= What to work on =
Exclude the pictures and set down, unaltered, the lines from the one that holds "Birds Fear Death - Hospital Songs" through the end of the data.

= Dataset excerpt =
◆ ◆ ◆ ◆ ◆

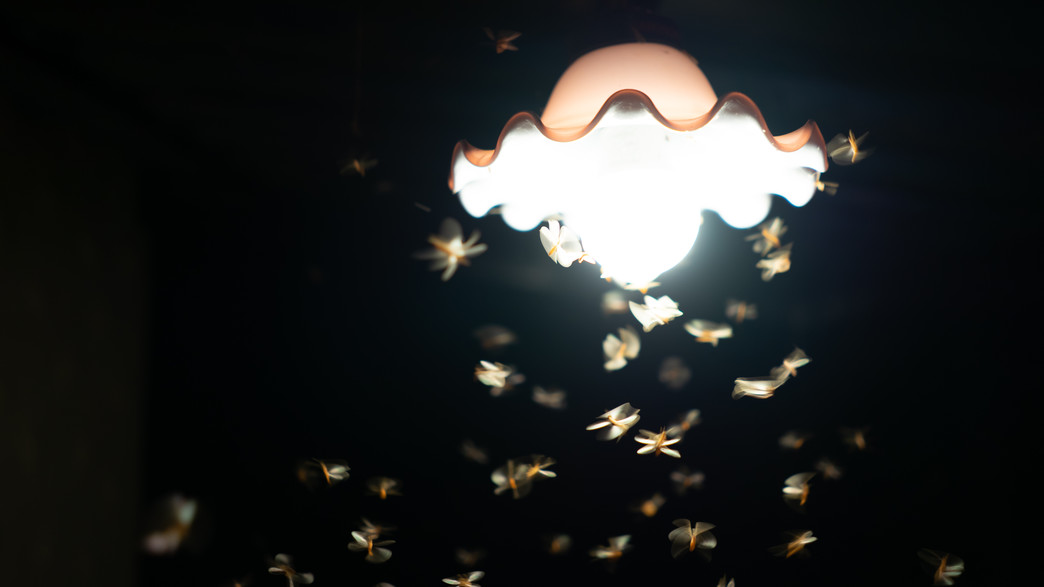 מנורה מוקפת חרקים, יתושים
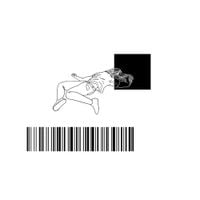 Birds Fear Death - Hospital Songs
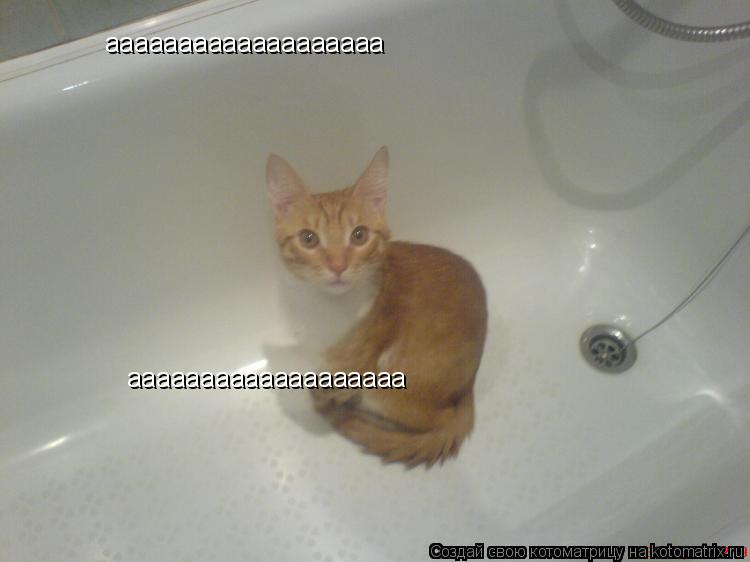 aaaaaaaaaaaaaaaaaaa aaaaaaaaaaaaaaaaaaa... Котоматрица: aaaaaaaaaaaaaaaaaaa aaaaaaaaaaaaaaaaaaa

◆ ◆ ◆ ◆ ◆

= Response for this exercise =
 Birds Fear Death - Hospital Songs
 aaaaaaaaaaaaaaaaaaa aaaaaaaaaaaaaaaaaaa... Котоматрица: aaaaaaaaaaaaaaaaaaa aaaaaaaaaaaaaaaaaaa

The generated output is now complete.